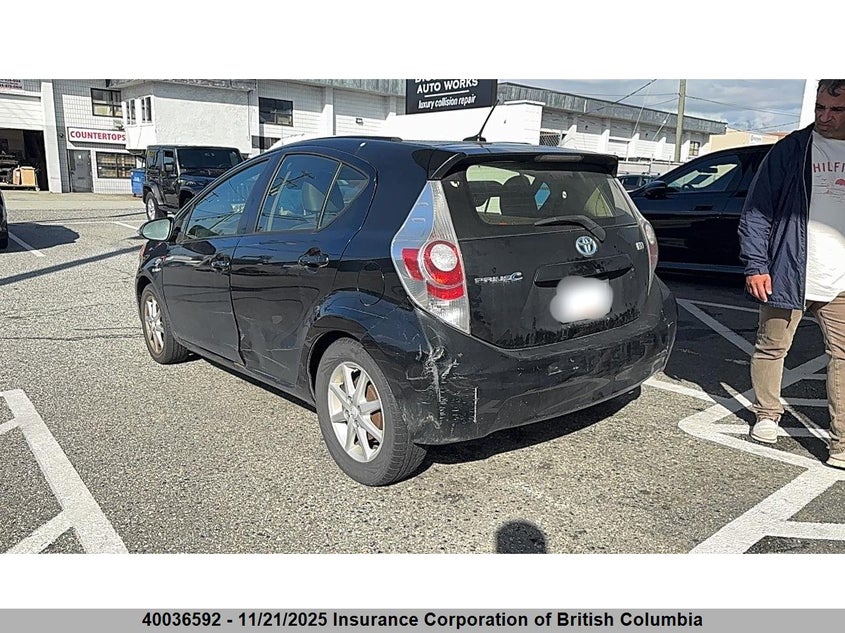 JTDKDTB37E1570634 2014 TOYOTA PRIUS photo no. 11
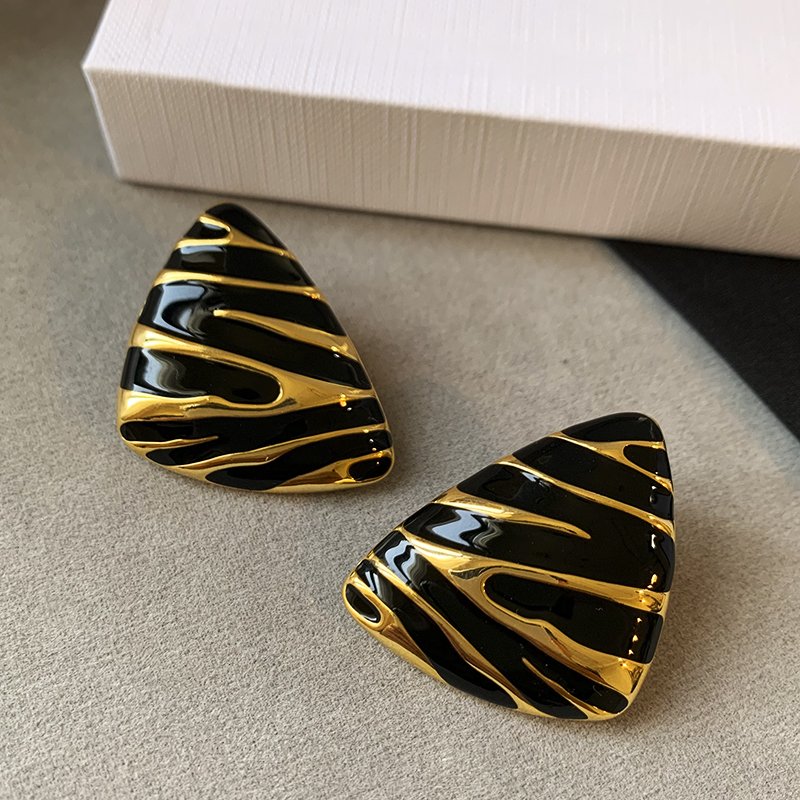 Black gold zebra print retro earrings for women, luxurious and high-end, exaggerated large earrings, 2024 new popular unique earrings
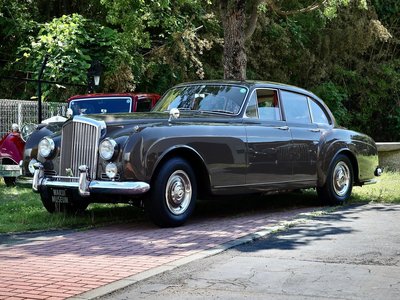 صورة 6 لـ 1957 Bentley S1 CONTINENTAL FLYING SPUR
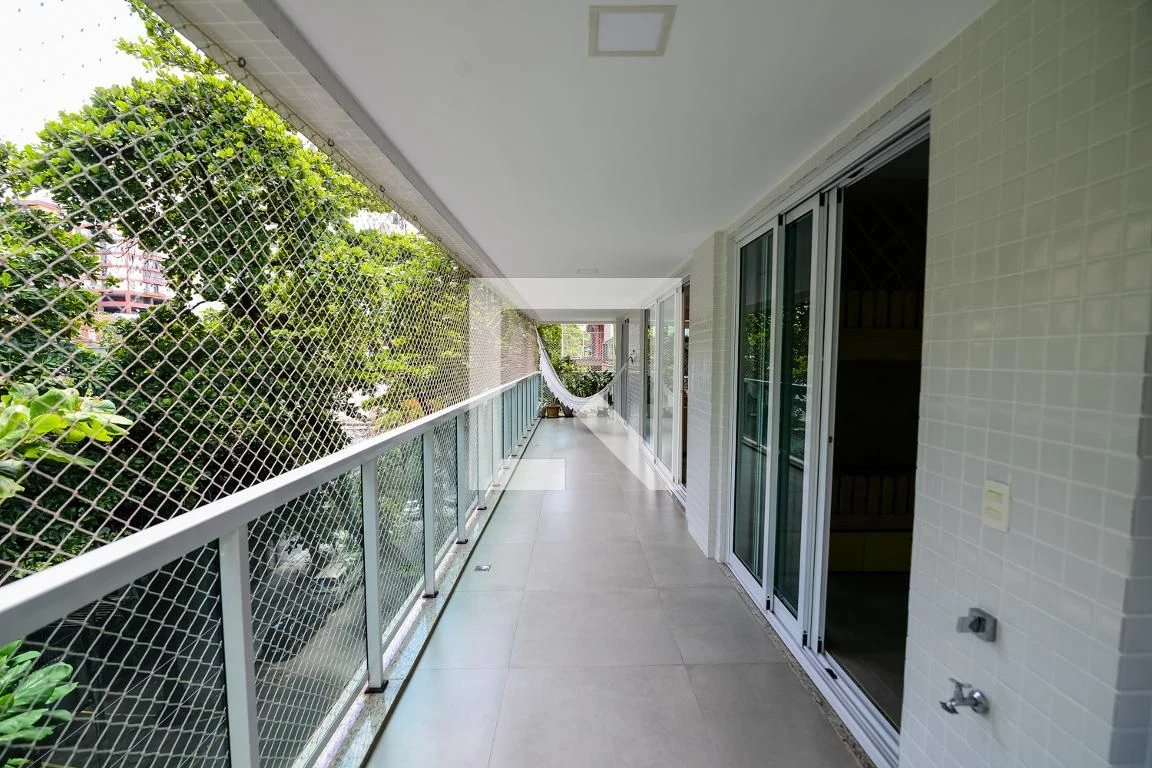 Furnished 4-bedroom apartment with 4 bathrooms — photo 36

----

◆ PROBLEM STATEMENT
Give the data back exactly, omitting all pictures.

◆ EXERCISE OUTPUT
 JTDKDTB37E1570634 2014 TOYOTA PRIUS photo no. 11
 Black gold zebra print retro earrings for women, luxurious and high-end, exaggerated large earrings, 2024 new popular unique earrings
 صورة 6 لـ 1957 Bentley S1 CONTINENTAL FLYING SPUR
 Furnished 4-bedroom apartment with 4 bathrooms — photo 36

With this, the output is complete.